As we are now coming into Spring, right after observing the rest of the world celebrating the Lunar New Year, and welcoming the year of the Tiger. This year is said to be a year of positive changes and we are all hoping for that as manufacturers continue to evaluate their supply chains to fill gaps caused by persistent disruptions.
The list below highlights what the new year will bring for our industry with the latest quarterly roundup of news surrounding the global electronics component market.
After a whole year of unpredictable turbulences for the supply chain caused mainly by the COVID-19 pandemic and the global chip shortage, we finally started to see a bright light at the end of the tunnel getting closer to us. This didn’t last long as we have been dramatically hit by the unexpected Russian invasion of Ukraine causing further disruptions to the already fragile supply chain.
Our thoughts are with all of the families on all involved sides who are affected by this tragedy, and we hope that both parties find a peaceful solution to the conflict without any more heart-wrenching consequences.
The ongoing Ukraine conflict may further affect the global supply chains as Ukraine produces 50% of the world’s semiconductor-grade neon, the key ingredient for making chips. On the other hand, Russia provides the United States with more than a third of its palladium, a rare metal required to produce semiconductors.
Lead-time Issues, Negative Price Trends, and Component Shortages
Extreme long lead times, negative price trends, and raw material shortages are here to stay for another while. According to our industry experts, the situation is unlikely to improve until at least 2023. However, due to higher inflation and rising interest rates, we may see some slowdown in demand at the end of the year.
It is advised that long-term planning in the supply chain should remain the new normal throughout the whole of 2022 and well into 2023.
Prices continue to rise throughout the whole supply chain due to further raw material, shipping, and production cost increases contributing to this.

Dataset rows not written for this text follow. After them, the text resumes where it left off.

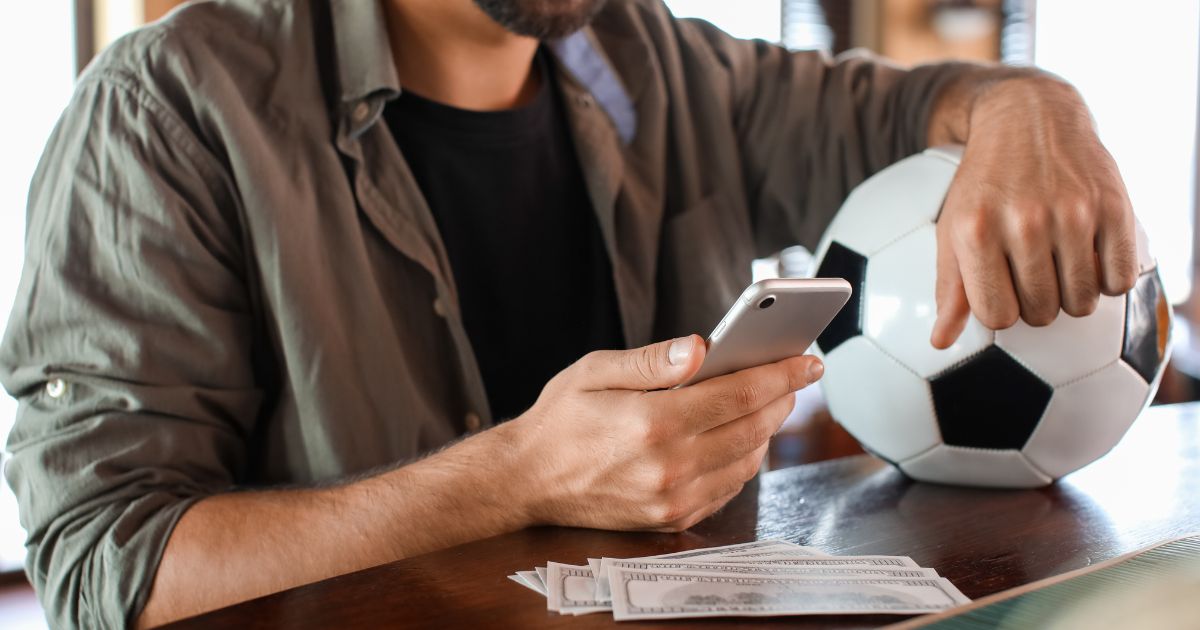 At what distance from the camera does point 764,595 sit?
0.65 metres

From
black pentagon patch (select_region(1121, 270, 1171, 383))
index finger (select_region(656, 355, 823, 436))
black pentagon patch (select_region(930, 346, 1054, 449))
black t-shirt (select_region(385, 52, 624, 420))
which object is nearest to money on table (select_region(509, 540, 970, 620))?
index finger (select_region(656, 355, 823, 436))

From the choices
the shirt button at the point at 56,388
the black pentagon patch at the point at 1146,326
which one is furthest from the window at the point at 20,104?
the black pentagon patch at the point at 1146,326

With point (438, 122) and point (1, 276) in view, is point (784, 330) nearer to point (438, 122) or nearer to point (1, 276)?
point (438, 122)

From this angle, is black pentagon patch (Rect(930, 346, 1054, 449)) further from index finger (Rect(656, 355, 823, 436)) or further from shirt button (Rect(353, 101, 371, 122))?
shirt button (Rect(353, 101, 371, 122))

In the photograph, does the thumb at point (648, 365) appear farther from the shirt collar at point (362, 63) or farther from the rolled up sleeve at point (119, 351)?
the shirt collar at point (362, 63)

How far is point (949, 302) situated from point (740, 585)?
0.36 m

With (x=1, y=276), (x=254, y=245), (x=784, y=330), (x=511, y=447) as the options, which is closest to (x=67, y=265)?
(x=254, y=245)

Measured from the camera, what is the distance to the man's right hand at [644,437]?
0.75 m

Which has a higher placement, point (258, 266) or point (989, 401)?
point (258, 266)

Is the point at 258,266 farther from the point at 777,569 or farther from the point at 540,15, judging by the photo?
the point at 777,569

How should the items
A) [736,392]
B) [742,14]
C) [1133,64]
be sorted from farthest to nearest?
[1133,64], [742,14], [736,392]

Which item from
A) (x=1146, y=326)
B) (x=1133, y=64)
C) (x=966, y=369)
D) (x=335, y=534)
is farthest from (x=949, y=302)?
(x=1133, y=64)

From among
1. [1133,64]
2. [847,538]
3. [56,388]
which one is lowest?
[1133,64]

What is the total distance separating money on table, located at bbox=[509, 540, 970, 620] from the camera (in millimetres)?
625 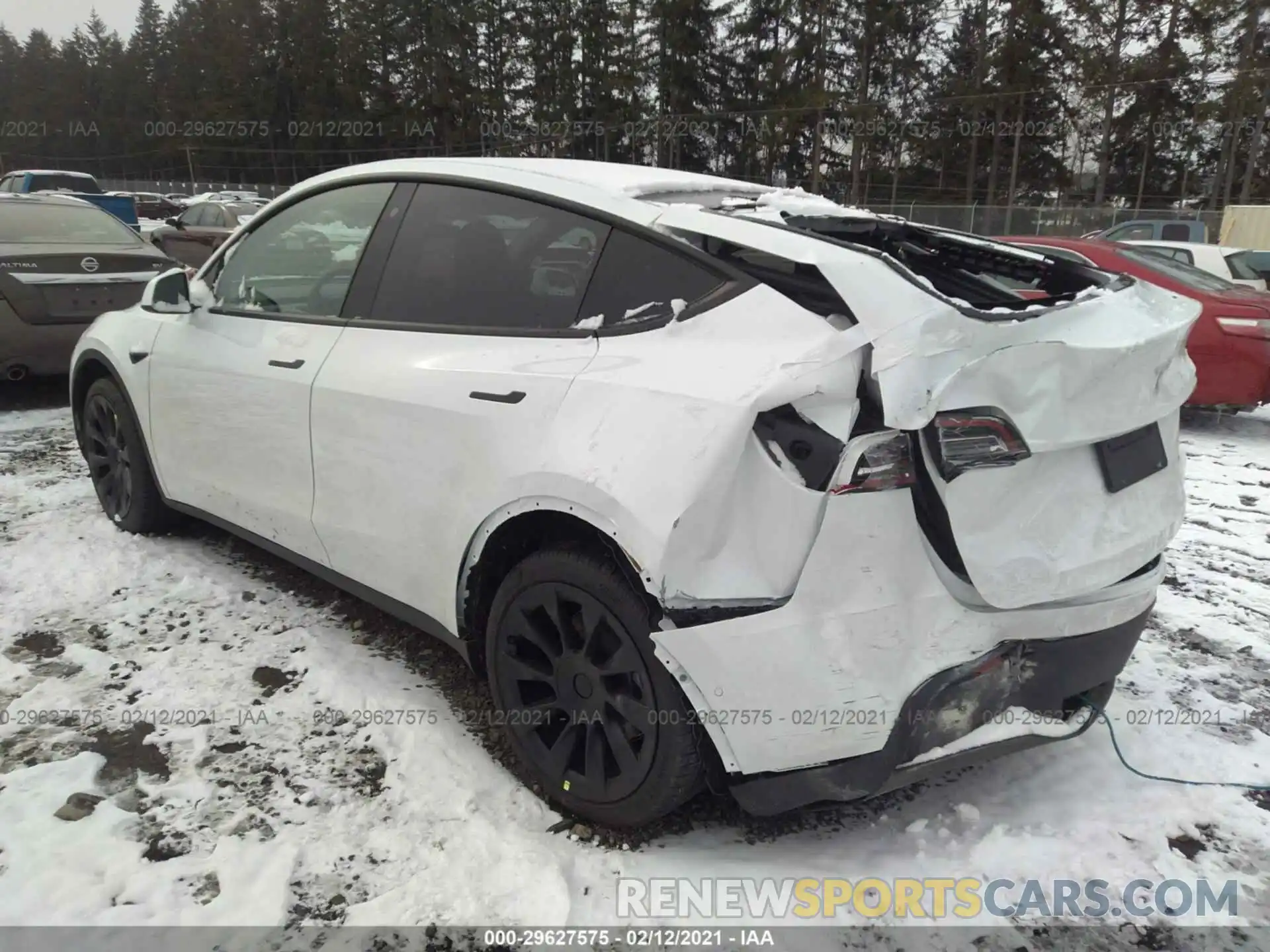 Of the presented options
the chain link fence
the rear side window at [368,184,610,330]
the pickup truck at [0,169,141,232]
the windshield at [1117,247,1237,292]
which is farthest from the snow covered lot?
the chain link fence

The gold price has recently gone up after staying relatively stable for a while. Gold is up 13,49% from last year standing at $1967.77/oz.
Silver has remained relatively steady trading at $25,295/oz.

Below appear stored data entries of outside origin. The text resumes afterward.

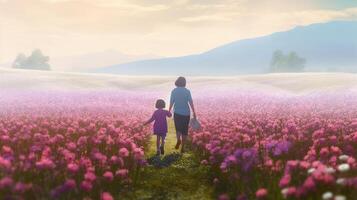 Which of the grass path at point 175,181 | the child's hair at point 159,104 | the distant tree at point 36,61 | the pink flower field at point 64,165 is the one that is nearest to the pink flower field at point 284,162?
the grass path at point 175,181

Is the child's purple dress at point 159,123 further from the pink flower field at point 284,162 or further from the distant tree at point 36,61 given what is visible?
the distant tree at point 36,61

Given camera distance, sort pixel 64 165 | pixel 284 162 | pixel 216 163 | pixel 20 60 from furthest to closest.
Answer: pixel 20 60, pixel 216 163, pixel 284 162, pixel 64 165

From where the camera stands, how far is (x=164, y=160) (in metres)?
13.5

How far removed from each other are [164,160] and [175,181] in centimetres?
213

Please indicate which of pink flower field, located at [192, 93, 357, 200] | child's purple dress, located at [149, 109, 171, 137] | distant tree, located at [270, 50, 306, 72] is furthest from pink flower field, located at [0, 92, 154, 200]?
distant tree, located at [270, 50, 306, 72]

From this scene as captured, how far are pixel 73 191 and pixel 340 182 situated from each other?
411 centimetres

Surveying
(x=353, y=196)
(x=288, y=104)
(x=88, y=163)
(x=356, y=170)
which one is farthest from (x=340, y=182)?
(x=288, y=104)

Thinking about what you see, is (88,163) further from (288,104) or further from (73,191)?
(288,104)

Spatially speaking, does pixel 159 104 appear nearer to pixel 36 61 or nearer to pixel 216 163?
pixel 216 163

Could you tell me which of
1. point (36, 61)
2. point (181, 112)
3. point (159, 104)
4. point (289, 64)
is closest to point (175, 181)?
point (159, 104)

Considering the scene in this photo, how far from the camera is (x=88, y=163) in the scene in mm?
8812

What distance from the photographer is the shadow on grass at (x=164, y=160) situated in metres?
13.0

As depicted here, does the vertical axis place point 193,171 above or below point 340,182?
below

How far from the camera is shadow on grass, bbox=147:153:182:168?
13031 mm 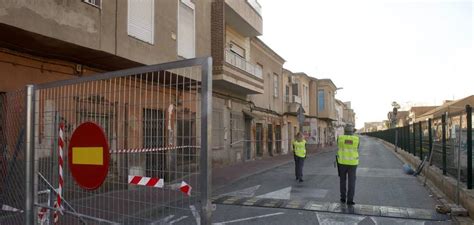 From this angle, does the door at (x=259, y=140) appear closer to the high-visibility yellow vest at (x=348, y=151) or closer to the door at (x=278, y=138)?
the door at (x=278, y=138)

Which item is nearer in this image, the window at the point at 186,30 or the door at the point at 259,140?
the window at the point at 186,30

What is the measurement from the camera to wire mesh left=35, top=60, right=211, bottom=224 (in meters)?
3.23

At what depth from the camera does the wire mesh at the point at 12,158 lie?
16.6 feet

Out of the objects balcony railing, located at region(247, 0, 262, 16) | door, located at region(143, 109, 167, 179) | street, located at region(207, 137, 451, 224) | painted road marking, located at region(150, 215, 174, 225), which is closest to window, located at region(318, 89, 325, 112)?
balcony railing, located at region(247, 0, 262, 16)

Copper costs are affecting the prices of cables, PCBs, and other technologies that rely upon the commodity. Copper prices are up by 8.5% from last year standing at $4,4975/lb.
Palladium price has recently hit new highs of £60,67/g growing by 5% in the last month as Russia accounts for 40% of the global palladium supply.
Neon-grade surges are expected throughout 2022 as Russia’s attack on Ukraine halts half of the world’s neon output for chips.
Oil hits a new 14-year high at $139 per barrel.
Fuel prices constantly increasing as the average cost of petrol on UK forecourts stands at 163.5p.
The current situation on the material markets is not improving as it will most likely continue well into 2022 and even further until the start of 2023. However, recent inflation pressure and rising interest rates may cause slowdowns in demand and we can expect some stabilization.